Official figures revealed a sharp fall in demand for goods, but food sales also declined in the run-up to Christmas. The Office for National Statistics (ONS) said it appeared people did their shopping earlier in November, taking more advantage of Black Friday sales.
It meant that retail sales across the UK tumbled at the fastest rate since January 2021. The ONS stated the amount of non-food products people bought in December fell by 3.9%, with department stores the worst hit as a result.
This value compares to a 2.7% increase for non-food products in November. Food demand was also down at the end of the year, falling 3.1%. In November, food sales rose by a further 1.1%.
While the observed fall was the biggest since January 2021, when further Covid restrictions were enforced, the actual volume of goods that people bought in December was the lowest since May 2020 when the country was in the midst of the first Covid lockdown.
Supermarkets have recently been reporting strong sales over the Christmas period, although the value of their sales has been helped by the rising prices over the past year.
Alongside these latest figures, the UK economy shrank by 0.1% between July and September. It contracted again in October but bounced back in November. Inflation has fallen sharply since the highs reached in October 2022.
However, the most recent inflation figures showed that the rate edged up to 4% in December against widespread expectations that it would continue to fall. Economists and financial markets had forecast that the Bank of England would cut interest rates this year, possibly in the spring, as a result.
However, the recent inflation figures suggest that a cut may not be made until June. Interest rates are currently at 5.25%
US property sales see worst year since 1995
Home sales in the US sank to the lowest in nearly 30 years, as a sharp rise in interest rates increased costs for buyers and discouraged many potential sellers with lower rates from looking elsewhere.
Just 4.09 million homes were purchased, the fewest since 1995, as supply issues pushed prices to a new record, the National Association of Realtors stated.

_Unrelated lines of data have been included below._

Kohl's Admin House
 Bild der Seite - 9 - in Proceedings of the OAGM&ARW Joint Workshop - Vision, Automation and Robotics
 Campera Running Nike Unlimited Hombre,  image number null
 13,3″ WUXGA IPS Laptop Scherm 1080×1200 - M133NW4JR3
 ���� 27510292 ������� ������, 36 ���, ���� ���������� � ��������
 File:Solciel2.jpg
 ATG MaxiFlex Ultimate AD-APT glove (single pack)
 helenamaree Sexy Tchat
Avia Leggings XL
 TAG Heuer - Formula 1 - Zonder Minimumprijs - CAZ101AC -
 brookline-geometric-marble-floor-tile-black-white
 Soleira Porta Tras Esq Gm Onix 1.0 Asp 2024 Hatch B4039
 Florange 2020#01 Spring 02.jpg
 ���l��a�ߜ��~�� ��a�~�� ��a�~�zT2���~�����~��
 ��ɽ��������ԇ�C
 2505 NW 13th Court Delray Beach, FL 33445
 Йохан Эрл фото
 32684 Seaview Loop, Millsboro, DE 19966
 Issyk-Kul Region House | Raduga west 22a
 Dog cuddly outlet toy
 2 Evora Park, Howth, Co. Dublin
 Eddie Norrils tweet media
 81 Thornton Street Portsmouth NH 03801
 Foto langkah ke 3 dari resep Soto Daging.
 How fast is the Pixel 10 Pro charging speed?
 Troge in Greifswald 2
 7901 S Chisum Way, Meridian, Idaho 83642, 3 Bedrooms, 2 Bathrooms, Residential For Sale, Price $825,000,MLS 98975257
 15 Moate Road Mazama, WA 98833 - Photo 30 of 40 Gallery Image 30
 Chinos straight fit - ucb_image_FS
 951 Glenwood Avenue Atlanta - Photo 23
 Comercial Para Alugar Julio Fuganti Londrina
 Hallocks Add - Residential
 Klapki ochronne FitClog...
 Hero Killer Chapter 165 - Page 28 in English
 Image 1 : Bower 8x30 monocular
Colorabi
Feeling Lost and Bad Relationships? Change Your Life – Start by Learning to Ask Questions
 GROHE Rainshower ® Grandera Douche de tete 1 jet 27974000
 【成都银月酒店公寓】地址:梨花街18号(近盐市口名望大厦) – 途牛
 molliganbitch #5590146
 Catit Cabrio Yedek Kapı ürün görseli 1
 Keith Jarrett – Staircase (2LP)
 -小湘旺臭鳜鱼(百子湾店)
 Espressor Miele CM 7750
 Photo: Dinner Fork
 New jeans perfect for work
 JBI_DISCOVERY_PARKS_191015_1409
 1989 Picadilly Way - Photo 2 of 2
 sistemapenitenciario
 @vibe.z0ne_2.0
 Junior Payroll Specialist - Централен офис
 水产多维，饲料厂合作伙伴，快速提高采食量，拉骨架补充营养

The organisation said it expected the market to improve in 2024, but it also warned that affordability would continue to remain a core issue.
The median house sale price in 2023 climbed 1% over the year, to $389,800 (£307,625), according to the NAR, which publishes the widely tracked report on sales of existing homes, which account for the bulk of purchases in the US.
The median price has jumped more than 40% since 2019, after a surge in prices during the pandemic. The housing market in the US has slowed abruptly since 2022, when the Federal Reserve started raising interest rates in a bid to curb inflation.
Last year, US mortgage rates, which are usually fixed for a 30-year period, rose rapidly above 7% for the first time in decades.
The moves ended an apparent buying frenzy that had erupted during the pandemic, when the central bank had slashed rates to boost the economy.
Unlike in other countries, where loans with shorter terms or variable rates are more common, it has also created a bigger divide between would-be buyers and existing homeowners, many of whom have loans with rates below 4% and would therefore face much higher costs to move.
Economists said he thought that December would mark the bottom of the market, noting that mortgage rates have dropped back in recent months, falling to 6.6% this week, the lowest level since May.
These newly observed declines come as investors look to bet the central bank will start reversing course and cut rates later this year.